Blasco inició entonces una carrera de currante de la escena; se fue a Madrid a buscar trabajo y no rechazaba ninguna oferta. Un día, se presentó en la oficina del director Enrique Urbizu, con quien ya había trabajado en Todo por la pasta, y quien entonces estaba preparando Cómo ser infeliz y disfrutarlo. Urbizu le dijo que ya había cerrado el elenco de protagonistas, que no tenía nada para él. "Y yo le comenté que no me importaba un secundario, que lo que quería era trabajar. Entonces Enrique cogió el guión, refundió dos papeles en uno y me lo dio".
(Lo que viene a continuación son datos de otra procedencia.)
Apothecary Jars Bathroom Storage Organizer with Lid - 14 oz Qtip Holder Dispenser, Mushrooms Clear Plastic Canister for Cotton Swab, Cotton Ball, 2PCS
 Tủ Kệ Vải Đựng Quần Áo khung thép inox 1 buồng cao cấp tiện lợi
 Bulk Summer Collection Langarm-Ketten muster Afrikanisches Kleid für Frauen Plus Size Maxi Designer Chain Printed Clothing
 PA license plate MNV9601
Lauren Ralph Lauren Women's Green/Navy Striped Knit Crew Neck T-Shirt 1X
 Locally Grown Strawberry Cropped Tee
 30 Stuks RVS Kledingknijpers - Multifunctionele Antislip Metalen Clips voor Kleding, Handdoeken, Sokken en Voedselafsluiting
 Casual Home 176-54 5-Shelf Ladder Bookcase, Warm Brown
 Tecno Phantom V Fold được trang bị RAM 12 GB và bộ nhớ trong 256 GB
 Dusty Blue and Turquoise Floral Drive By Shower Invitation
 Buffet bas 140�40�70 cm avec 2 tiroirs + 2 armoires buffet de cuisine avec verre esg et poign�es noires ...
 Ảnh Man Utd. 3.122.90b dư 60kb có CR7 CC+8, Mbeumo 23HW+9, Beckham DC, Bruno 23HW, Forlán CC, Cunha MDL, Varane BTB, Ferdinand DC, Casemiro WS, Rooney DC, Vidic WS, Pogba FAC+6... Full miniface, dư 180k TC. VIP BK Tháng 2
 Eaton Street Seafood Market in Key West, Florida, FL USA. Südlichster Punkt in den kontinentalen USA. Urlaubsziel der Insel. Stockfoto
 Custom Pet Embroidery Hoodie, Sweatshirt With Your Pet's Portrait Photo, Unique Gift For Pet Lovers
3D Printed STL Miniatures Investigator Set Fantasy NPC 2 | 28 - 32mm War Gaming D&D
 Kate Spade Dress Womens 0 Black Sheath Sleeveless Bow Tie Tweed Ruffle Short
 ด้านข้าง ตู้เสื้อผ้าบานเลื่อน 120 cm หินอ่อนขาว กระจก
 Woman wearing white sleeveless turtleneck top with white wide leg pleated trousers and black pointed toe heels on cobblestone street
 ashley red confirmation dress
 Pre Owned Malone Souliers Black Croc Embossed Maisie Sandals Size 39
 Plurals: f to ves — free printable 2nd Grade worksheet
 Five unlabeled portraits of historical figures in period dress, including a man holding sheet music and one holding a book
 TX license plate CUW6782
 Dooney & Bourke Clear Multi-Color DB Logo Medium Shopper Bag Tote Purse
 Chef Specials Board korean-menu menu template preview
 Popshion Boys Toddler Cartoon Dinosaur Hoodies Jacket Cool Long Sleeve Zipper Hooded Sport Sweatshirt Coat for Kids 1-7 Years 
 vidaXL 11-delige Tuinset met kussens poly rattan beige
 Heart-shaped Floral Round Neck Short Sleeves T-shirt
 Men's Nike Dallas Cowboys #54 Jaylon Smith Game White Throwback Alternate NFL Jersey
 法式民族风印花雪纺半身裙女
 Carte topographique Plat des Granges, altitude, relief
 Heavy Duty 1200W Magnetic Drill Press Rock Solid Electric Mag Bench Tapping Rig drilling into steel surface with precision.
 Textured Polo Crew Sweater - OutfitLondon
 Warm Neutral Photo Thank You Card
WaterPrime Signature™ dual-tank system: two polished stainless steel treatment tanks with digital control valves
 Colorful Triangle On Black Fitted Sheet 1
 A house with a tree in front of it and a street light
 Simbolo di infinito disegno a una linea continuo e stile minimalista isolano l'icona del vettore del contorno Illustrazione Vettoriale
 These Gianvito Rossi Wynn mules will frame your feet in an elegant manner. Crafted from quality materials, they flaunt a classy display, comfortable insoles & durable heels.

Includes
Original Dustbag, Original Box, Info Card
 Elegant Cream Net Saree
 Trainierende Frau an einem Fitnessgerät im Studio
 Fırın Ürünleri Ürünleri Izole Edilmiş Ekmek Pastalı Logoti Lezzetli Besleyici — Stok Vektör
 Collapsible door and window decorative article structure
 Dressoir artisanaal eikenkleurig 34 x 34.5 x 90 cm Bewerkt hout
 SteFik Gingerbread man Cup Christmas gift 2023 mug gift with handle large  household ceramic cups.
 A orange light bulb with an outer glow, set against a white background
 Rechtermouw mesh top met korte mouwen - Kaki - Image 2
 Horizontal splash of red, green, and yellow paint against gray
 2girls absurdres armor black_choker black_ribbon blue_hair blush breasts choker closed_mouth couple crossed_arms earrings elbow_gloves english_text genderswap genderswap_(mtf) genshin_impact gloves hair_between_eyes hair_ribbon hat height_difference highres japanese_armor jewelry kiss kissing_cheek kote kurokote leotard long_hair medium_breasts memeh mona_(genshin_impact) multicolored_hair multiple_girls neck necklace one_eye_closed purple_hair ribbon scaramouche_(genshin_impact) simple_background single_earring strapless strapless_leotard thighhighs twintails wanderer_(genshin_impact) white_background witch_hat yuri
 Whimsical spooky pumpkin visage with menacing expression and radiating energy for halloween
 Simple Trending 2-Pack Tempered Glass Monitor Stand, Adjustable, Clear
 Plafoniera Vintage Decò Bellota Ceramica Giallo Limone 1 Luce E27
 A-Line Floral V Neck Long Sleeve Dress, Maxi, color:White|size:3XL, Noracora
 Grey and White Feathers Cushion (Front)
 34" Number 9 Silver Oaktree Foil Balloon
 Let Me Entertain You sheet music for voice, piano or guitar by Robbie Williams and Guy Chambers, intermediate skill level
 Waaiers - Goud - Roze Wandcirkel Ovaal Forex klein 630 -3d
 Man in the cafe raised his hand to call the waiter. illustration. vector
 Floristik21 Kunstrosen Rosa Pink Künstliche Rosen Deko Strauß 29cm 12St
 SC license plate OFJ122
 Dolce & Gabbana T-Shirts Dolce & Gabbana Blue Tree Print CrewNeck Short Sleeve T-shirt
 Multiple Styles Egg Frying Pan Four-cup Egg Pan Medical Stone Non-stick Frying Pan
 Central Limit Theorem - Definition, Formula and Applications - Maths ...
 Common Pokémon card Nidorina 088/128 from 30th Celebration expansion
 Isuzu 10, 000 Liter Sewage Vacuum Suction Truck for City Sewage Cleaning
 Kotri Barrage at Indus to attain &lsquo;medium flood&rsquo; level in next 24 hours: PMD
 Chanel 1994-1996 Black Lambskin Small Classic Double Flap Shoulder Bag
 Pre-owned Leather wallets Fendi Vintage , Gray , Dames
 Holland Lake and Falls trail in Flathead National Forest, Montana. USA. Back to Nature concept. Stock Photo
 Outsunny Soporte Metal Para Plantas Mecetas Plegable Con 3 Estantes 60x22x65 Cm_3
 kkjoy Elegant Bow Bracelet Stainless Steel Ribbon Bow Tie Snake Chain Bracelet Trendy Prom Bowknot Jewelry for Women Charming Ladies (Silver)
Con ese arrojo, se fue forjando una carrera ahora reconocida. "No puedo fallar en ningún momento. Eso era lo que más se diferenciaba de mi anterior etapa. Cada papel es imprescindible, porque ya sólo soy actor", indica. Y aquella tensión continúa todavía. Hoy mismo comienza en San Sebastián el rodaje de Todos estamos invitados, el último filme de Manuel Gutiérrez Aragón, y anteayer ya se mostraba inquieto ("esta noche estaré dándole vueltas al tema", confesaba) ante el que será el 66º largometraje en que participa.